> What the exercise asks:
Nothing in the entries may differ when you return them.

> Exercise material:
★ ★ ★ ★ ★

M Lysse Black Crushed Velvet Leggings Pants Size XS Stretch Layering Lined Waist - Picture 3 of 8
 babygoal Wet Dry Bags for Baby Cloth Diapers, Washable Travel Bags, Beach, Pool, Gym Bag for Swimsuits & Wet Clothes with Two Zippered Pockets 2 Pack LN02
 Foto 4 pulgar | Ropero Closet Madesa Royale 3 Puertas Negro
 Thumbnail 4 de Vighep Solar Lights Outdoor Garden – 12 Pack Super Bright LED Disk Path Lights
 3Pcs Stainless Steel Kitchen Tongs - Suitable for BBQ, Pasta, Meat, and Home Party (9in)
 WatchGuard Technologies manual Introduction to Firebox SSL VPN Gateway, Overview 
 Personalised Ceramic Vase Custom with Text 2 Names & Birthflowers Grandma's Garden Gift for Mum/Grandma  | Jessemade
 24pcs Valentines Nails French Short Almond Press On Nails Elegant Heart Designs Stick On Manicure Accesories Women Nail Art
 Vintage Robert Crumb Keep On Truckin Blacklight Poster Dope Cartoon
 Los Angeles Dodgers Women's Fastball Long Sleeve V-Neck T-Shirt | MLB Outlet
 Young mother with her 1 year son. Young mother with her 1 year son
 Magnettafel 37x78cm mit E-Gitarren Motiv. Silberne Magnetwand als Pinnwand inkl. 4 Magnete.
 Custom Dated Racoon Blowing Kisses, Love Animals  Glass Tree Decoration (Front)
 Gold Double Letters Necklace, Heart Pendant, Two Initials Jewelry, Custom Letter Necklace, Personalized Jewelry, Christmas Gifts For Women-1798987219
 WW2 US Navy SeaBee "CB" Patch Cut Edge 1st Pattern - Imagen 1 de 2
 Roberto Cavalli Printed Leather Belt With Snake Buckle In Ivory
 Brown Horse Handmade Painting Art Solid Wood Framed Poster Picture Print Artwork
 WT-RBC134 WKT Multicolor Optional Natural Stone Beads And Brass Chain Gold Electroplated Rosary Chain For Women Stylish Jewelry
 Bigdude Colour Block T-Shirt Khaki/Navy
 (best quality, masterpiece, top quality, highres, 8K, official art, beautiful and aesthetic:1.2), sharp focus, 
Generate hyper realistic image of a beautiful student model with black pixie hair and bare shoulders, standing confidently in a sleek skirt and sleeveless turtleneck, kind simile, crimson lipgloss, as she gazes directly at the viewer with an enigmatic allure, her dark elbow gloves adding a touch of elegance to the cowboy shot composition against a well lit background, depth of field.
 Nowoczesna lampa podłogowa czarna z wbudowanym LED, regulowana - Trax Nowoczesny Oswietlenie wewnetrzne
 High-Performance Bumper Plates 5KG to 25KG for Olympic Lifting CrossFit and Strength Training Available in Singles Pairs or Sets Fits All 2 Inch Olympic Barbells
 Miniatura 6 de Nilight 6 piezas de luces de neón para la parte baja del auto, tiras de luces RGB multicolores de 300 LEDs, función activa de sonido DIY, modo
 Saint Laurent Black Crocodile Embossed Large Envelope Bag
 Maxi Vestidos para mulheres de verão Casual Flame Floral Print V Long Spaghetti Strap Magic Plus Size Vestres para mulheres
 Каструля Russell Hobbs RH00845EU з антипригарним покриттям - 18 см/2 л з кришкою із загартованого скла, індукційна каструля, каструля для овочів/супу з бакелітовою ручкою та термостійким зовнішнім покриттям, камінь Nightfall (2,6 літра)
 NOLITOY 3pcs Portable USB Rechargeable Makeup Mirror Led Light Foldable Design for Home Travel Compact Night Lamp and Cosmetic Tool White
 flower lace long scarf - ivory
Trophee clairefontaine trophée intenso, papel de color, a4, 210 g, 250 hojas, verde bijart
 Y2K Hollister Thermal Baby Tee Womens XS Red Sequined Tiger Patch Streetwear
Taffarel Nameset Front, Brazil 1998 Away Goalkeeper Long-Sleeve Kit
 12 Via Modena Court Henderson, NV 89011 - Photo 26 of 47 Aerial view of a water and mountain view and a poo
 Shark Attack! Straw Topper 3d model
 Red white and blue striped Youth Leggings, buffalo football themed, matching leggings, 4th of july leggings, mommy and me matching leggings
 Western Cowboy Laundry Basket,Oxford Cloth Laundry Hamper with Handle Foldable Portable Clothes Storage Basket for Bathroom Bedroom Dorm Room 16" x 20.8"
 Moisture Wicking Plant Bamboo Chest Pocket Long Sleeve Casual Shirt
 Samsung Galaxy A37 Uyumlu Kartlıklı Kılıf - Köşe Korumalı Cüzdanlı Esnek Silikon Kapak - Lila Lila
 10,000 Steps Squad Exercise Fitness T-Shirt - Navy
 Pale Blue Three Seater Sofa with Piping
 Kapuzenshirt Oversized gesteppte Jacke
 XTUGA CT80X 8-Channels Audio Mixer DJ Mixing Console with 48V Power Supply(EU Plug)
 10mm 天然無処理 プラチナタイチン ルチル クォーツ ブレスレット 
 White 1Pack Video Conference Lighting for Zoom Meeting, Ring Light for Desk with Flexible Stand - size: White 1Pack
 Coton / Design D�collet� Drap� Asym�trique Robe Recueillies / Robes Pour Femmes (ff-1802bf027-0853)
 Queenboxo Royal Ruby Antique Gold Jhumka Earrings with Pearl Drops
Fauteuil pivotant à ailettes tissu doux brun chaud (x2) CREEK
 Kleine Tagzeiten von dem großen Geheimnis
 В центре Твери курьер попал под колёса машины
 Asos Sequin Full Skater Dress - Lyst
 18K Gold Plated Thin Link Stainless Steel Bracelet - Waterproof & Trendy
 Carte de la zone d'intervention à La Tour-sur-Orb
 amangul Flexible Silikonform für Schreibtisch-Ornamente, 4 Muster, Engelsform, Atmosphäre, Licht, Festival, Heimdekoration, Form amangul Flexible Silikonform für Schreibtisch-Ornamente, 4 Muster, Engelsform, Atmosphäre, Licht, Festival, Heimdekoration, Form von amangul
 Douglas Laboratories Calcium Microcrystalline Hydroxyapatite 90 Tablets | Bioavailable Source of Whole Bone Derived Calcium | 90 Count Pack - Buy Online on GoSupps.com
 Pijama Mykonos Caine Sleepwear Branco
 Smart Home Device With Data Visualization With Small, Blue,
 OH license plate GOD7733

★ ★ ★ ★ ★

> Solution:
M Lysse Black Crushed Velvet Leggings Pants Size XS Stretch Layering Lined Waist - Picture 3 of 8
 babygoal Wet Dry Bags for Baby Cloth Diapers, Washable Travel Bags, Beach, Pool, Gym Bag for Swimsuits & Wet Clothes with Two Zippered Pockets 2 Pack LN02
 Foto 4 pulgar | Ropero Closet Madesa Royale 3 Puertas Negro
 Thumbnail 4 de Vighep Solar Lights Outdoor Garden – 12 Pack Super Bright LED Disk Path Lights
 3Pcs Stainless Steel Kitchen Tongs - Suitable for BBQ, Pasta, Meat, and Home Party (9in)
 WatchGuard Technologies manual Introduction to Firebox SSL VPN Gateway, Overview 
 Personalised Ceramic Vase Custom with Text 2 Names & Birthflowers Grandma's Garden Gift for Mum/Grandma  | Jessemade
 24pcs Valentines Nails French Short Almond Press On Nails Elegant Heart Designs Stick On Manicure Accesories Women Nail Art
 Vintage Robert Crumb Keep On Truckin Blacklight Poster Dope Cartoon
 Los Angeles Dodgers Women's Fastball Long Sleeve V-Neck T-Shirt | MLB Outlet
 Young mother with her 1 year son. Young mother with her 1 year son
 Magnettafel 37x78cm mit E-Gitarren Motiv. Silberne Magnetwand als Pinnwand inkl. 4 Magnete.
 Custom Dated Racoon Blowing Kisses, Love Animals  Glass Tree Decoration (Front)
 Gold Double Letters Necklace, Heart Pendant, Two Initials Jewelry, Custom Letter Necklace, Personalized Jewelry, Christmas Gifts For Women-1798987219
 WW2 US Navy SeaBee "CB" Patch Cut Edge 1st Pattern - Imagen 1 de 2
 Roberto Cavalli Printed Leather Belt With Snake Buckle In Ivory
 Brown Horse Handmade Painting Art Solid Wood Framed Poster Picture Print Artwork
 WT-RBC134 WKT Multicolor Optional Natural Stone Beads And Brass Chain Gold Electroplated Rosary Chain For Women Stylish Jewelry
 Bigdude Colour Block T-Shirt Khaki/Navy
 (best quality, masterpiece, top quality, highres, 8K, official art, beautiful and aesthetic:1.2), sharp focus, 
Generate hyper realistic image of a beautiful student model with black pixie hair and bare shoulders, standing confidently in a sleek skirt and sleeveless turtleneck, kind simile, crimson lipgloss, as she gazes directly at the viewer with an enigmatic allure, her dark elbow gloves adding a touch of elegance to the cowboy shot composition against a well lit background, depth of field.
 Nowoczesna lampa podłogowa czarna z wbudowanym LED, regulowana - Trax Nowoczesny Oswietlenie wewnetrzne
 High-Performance Bumper Plates 5KG to 25KG for Olympic Lifting CrossFit and Strength Training Available in Singles Pairs or Sets Fits All 2 Inch Olympic Barbells
 Miniatura 6 de Nilight 6 piezas de luces de neón para la parte baja del auto, tiras de luces RGB multicolores de 300 LEDs, función activa de sonido DIY, modo
 Saint Laurent Black Crocodile Embossed Large Envelope Bag
 Maxi Vestidos para mulheres de verão Casual Flame Floral Print V Long Spaghetti Strap Magic Plus Size Vestres para mulheres
 Каструля Russell Hobbs RH00845EU з антипригарним покриттям - 18 см/2 л з кришкою із загартованого скла, індукційна каструля, каструля для овочів/супу з бакелітовою ручкою та термостійким зовнішнім покриттям, камінь Nightfall (2,6 літра)
 NOLITOY 3pcs Portable USB Rechargeable Makeup Mirror Led Light Foldable Design for Home Travel Compact Night Lamp and Cosmetic Tool White
 flower lace long scarf - ivory
Trophee clairefontaine trophée intenso, papel de color, a4, 210 g, 250 hojas, verde bijart
 Y2K Hollister Thermal Baby Tee Womens XS Red Sequined Tiger Patch Streetwear
Taffarel Nameset Front, Brazil 1998 Away Goalkeeper Long-Sleeve Kit
 12 Via Modena Court Henderson, NV 89011 - Photo 26 of 47 Aerial view of a water and mountain view and a poo
 Shark Attack! Straw Topper 3d model
 Red white and blue striped Youth Leggings, buffalo football themed, matching leggings, 4th of july leggings, mommy and me matching leggings
 Western Cowboy Laundry Basket,Oxford Cloth Laundry Hamper with Handle Foldable Portable Clothes Storage Basket for Bathroom Bedroom Dorm Room 16" x 20.8"
 Moisture Wicking Plant Bamboo Chest Pocket Long Sleeve Casual Shirt
 Samsung Galaxy A37 Uyumlu Kartlıklı Kılıf - Köşe Korumalı Cüzdanlı Esnek Silikon Kapak - Lila Lila
 10,000 Steps Squad Exercise Fitness T-Shirt - Navy
 Pale Blue Three Seater Sofa with Piping
 Kapuzenshirt Oversized gesteppte Jacke
 XTUGA CT80X 8-Channels Audio Mixer DJ Mixing Console with 48V Power Supply(EU Plug)
 10mm 天然無処理 プラチナタイチン ルチル クォーツ ブレスレット 
 White 1Pack Video Conference Lighting for Zoom Meeting, Ring Light for Desk with Flexible Stand - size: White 1Pack
 Coton / Design D�collet� Drap� Asym�trique Robe Recueillies / Robes Pour Femmes (ff-1802bf027-0853)
 Queenboxo Royal Ruby Antique Gold Jhumka Earrings with Pearl Drops
Fauteuil pivotant à ailettes tissu doux brun chaud (x2) CREEK
 Kleine Tagzeiten von dem großen Geheimnis
 В центре Твери курьер попал под колёса машины
 Asos Sequin Full Skater Dress - Lyst
 18K Gold Plated Thin Link Stainless Steel Bracelet - Waterproof & Trendy
 Carte de la zone d'intervention à La Tour-sur-Orb
 amangul Flexible Silikonform für Schreibtisch-Ornamente, 4 Muster, Engelsform, Atmosphäre, Licht, Festival, Heimdekoration, Form amangul Flexible Silikonform für Schreibtisch-Ornamente, 4 Muster, Engelsform, Atmosphäre, Licht, Festival, Heimdekoration, Form von amangul
 Douglas Laboratories Calcium Microcrystalline Hydroxyapatite 90 Tablets | Bioavailable Source of Whole Bone Derived Calcium | 90 Count Pack - Buy Online on GoSupps.com
 Pijama Mykonos Caine Sleepwear Branco
 Smart Home Device With Data Visualization With Small, Blue,
 OH license plate GOD7733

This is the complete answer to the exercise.